The high prevalence of childhood physical and sexual abuse and its negative impact16,17 makes it a major public health concern3,18,19,20,21,22,23. Its identification, through victim disclosure, is recognized as a necessary first step in ameliorating the immediate and longer-term impact of childhood abuse24. A number of therapeutic approaches can significantly reduce the common problems and symptoms associated with childhood abuse in children25,26,27,28,29, and in adults30,31,32,33,34,35. Therefore, the accurate identification of victims of childhood abuse is a pressing issue, and includes the difficulty of identifying abuse both close to the time it occurs and years after it has occurred2,3,4,5.
The health care setting can be a natural place to identify a history of childhood abuse in children, adolescents, young adults, adults and the elderly because patients accept the fact that medical providers typically will ask very personal questions36,37 and commonly, abuse negatively impacts health and victims utilize more health care. The medical visit includes taking a history which should include assessment of past and present health risks36,37. However, even in health care settings a very large proportion of abuse cases remain unidentified18, 22,36,38.
Most health care providers do not ask their patients about a history of abuse in the absence of physical signs, which is most commonly the case. They report that a major obstacle to asking is the concern that inquiry will lead to reactions and consequences for patients that the health care provider may not be equipped to handle22. Physicians’ failure to inquire is also, in part, due to the lack of commonly accepted measures (i.e. screening instruments)39 and lack of strategies for incorporating the use of measures into their practice (i.e. how to practically implement screening measures)22, 38. DiLillo and his colleagues have pointed out that we lack an understanding as to how the mode of administering abuse screens (i.e. paper and pencil questionnaire, computer assisted survey or face to face structured interview) impacts those being screened, including the effects on levels of discomfort and willingness to disclose40.

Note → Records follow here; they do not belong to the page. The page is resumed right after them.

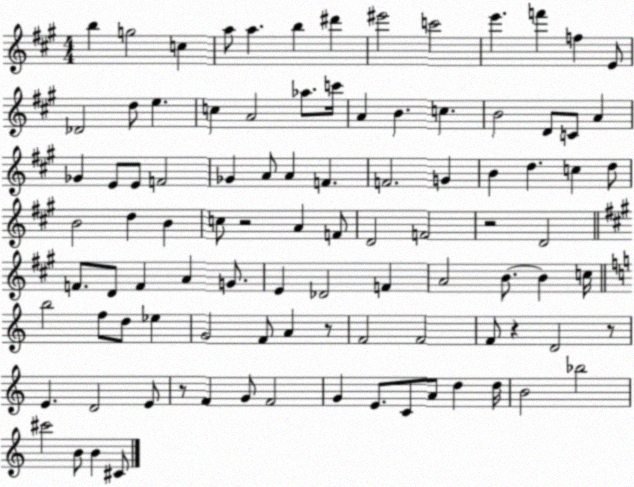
X:1
T:Untitled
M:4/4
L:1/4
K:A
b g2 c a/2 a b ^d' ^e'2 c'2 e' f' f E/2 _D2 d/2 e c A2 _a/2 c'/4 A B c B2 D/2 C/2 A _G E/2 E/2 F2 _G A/2 A F F2 G B d c d/2 B2 d B c/2 z2 A F/2 D2 F2 z2 D2 F/2 D/2 F A G/2 E _D2 F A2 B/2 B c/4 b2 f/2 d/2 _e G2 F/2 A z/2 F2 F2 F/2 z D2 z/2 E D2 E/2 z/2 F G/2 F2 G E/2 C/2 A/2 d d/4 B2 _b2 ^c'2 B/2 B ^C/2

Studies of other sensitive issues such as high risk sexual behaviors, HIV, and substance abuse have suggested that computer based administration of survey measures lead to greater levels of disclosure than paper and pencil questionnaires or face to face interviews, offering a greater sense of confidentiality than these other types of survey administration41,42,43,44,45,46. Comparison of computer interview, face to face interview and self-administered questionnaire asking adolescent girls about health and sexual behavior found that the participants perceived the computer interactive method as being fun, interesting, confidential, private, and easy47.

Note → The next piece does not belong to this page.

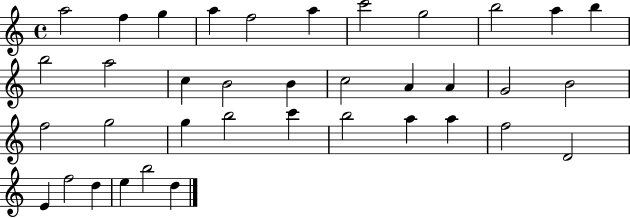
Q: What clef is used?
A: treble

Therefore, understanding which mode of administration of screens to identify childhood abuse is the most effective, focusing on different modes of administration using identical measures, is an important area of exploration that can lead to improvements in practice and to more accurate estimates of the prevalence of childhood abuse. Thus, this study aims to present a systematic literature review of studies that compared modes of administration of screens to identify a history of childhood physical and sexual abuse in adolescent and young adult populations. Only studies that used a single screening measure in this comparison where included. This literature review does not include studies that focused on the comparison of different measures.
Research Design and Methods
Inclusion/Selection Criteria for Identification of Studies
Studies were included if they compared two or more modes of administration (using identical measures) to identify a history of childhood physical or sexual abuse in adolescents or young adults, including those conducted among college students where the population was predominantly young adults. Any study describing its population as “college students” where the mean age was 21 years or younger was considered. No exclusions were made based on type of study design (e.g. quantitative or qualitative; quasi experimental or randomized). Only peer reviewed studies published between January 1st, 1994 and December 31st, 2014, and written in English were included.
Search Methods for Identification of Studies
A literature search of peer reviewed studies published in English anywhere between the years January 1, 1994 and December 31, 2014 was conducted using PubMed. The searches used the following filters: human, title and title and abstract, and initially used the age filters “adolescent 13 to 18 years” and “young adult 19 to 24 years.” The following search or key terms were used to identify studies of child abuse: child OR child* OR teenage* OR adolesc*; AND maltreatment OR physical abuse OR sexual abuse OR molest* OR incest. These search results were then run with AND compar* in combination with the following terms: disclos* OR identif* OR screen* OR assess* OR tools OR measure OR survey OR questionnaire OR prevalence OR “taking a history” OR “eliciting a history” OR “paper and pencil screen” OR “computer assisted” OR ACASI OR “face to face structured interview” OR “face to face interview.” These searches were then rerun without the age filters (adolescent 13 to 18 years, young adult 19 to 24 years) but with the additional terms: AND “college students” OR “undergraduate students” to include studies of undergraduate students (see appendix 1). In addition, the references listed in any studies identified by the electronic search were also examined and reviewed to see if they met the inclusion criteria.
Two individuals independently reviewed the results of abstracts identified and selected studies for further review as full text for inclusion in the systematic literature review. Any disagreement was resolved in conference or referee by a third party. See Figure 1 (appendix 2) for the flow of studies through the identification and selection process for the literature searches.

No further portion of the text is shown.